Être disciple de Jésus (versets 26, 27), le suivre, l’imiter en toutes choses, jusqu’à la croix, jusqu’à la mort, est une tâche difficile, bien plus au-dessus des forces de l’homme naturel que bâtir une tour ou une forteresse n’est au-dessus de la fortune d’un pauvre ; ce n’est donc pas avec l’enthousiasme éphémère d’une première émotion religieuse qu’on doit s’engager dans cette difficile carrière.

Il faut s’asseoir, se recueillir, calculer la dépense, avant de faire hautement profession d’être disciple de Jésus. Sans cette précaution, on court le risque de provoquer les moqueries du monde et de devenir une cause d’opprobre pour l’Évangile.

31 Ou quel roi, partant pour faire la guerre à un autre roi, ne s’assiéra premièrement, et ne consultera s’il peut, avec dix mille hommes, aller à la rencontre de celui qui vient contre lui avec vingt mille ? 32 Autrement, pendant que celui-ci est encore loin, il lui envoie une ambassade, pour lui demander la paix. 33 Ainsi donc, quiconque d’entre vous ne renonce pas à tout ce qu’il a, ne peut être mon disciple.

La seconde parabole a le même sens que la première, avec cette nuance que la vie chrétienne n’est plus comparée à une tour dont la construction exige une grosse dépense, mais à une guerre périlleuse contre un ennemi dont les forces sont bien supérieures à celles que nous pouvons lui opposer par nous-mêmes. Mieux vaudrait rester en paix avec cet ennemi, que de s’exposer à de honteuses défaites.

Plutôt rester un honnête homme religieusement obscur, que de devenir ce qu’il y a de plus triste au monde, un chrétien inconséquent.
— Godet

Grec : ne renonce pas à tous ses biens propres, les objets spéciaux de ce renoncement ont été indiqués au verset 26.

Telle est la conclusion de tout ce discours. Il y a quelque chose de saisissant dans ce mot répété pour la troisième fois : ne peut être mon disciple.

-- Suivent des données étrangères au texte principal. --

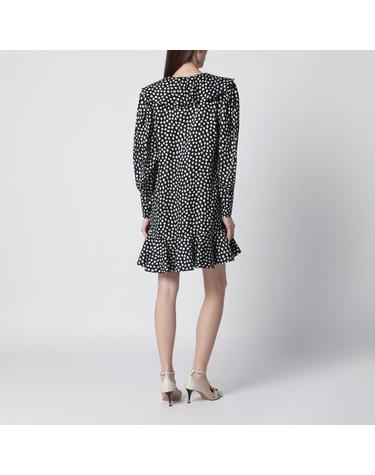 [해외직구] 26 S/S 끌로에 블랙 실크 자카드 미니 드레스 WITH 폴카 도트 프린트 CH26SRO37300-915 B0051916656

34 C’est une bonne chose que le sel ; mais si le sel même perd sa saveur, avec quoi la lui rendra-t-on ? 35 Il n’est propre ni pour la terre, ni pour le fumier ; on le jette dehors. Que celui qui a des oreilles pour entendre, entende !

Comparer, sur cette image, Matthieu 5.13, note, et Marc Marc 9.50, note.

Jésus fait diverses applications de cette image si vraie du sel, dont l’action pénétrante empêche la corruption et communique aux aliments une vivifiante saveur.

Ici, le sel indique le rôle que le disciple joue dans le monde.

On peut donc, avec Meyer, paraphraser ainsi ce verset :

C’est une belle chose d’être mon disciple et, comme tel, de servir à conserver la vie spirituelle parmi les hommes, de même que le sel conserve la pureté et la saveur dans les choses matérielles. Mais si même mon disciple, sous l’influence d’intérêts terrestres, perd cette puissance vivifiante, avec quoi lui sera-t-elle rendue ? Il n’est plus bon à rien, et il sera jeté dehors, hors du royaume de Dieu.

Il y a un profond mépris dans ces termes : ni pour la terre, ni pour le fumier ! On peut traduire aussi : ni comme sol ni comme fumier. Le sel ne peut devenir un terrain que l’on ensemence (Psaumes 107.34), et il ne peut servir d’engrais.

Cette parole, qui revient si souvent dans les discours de Jésus, doit attirer l’attention sur la dernière comparaison, aussi bien que sur les enseignements qui précèdent.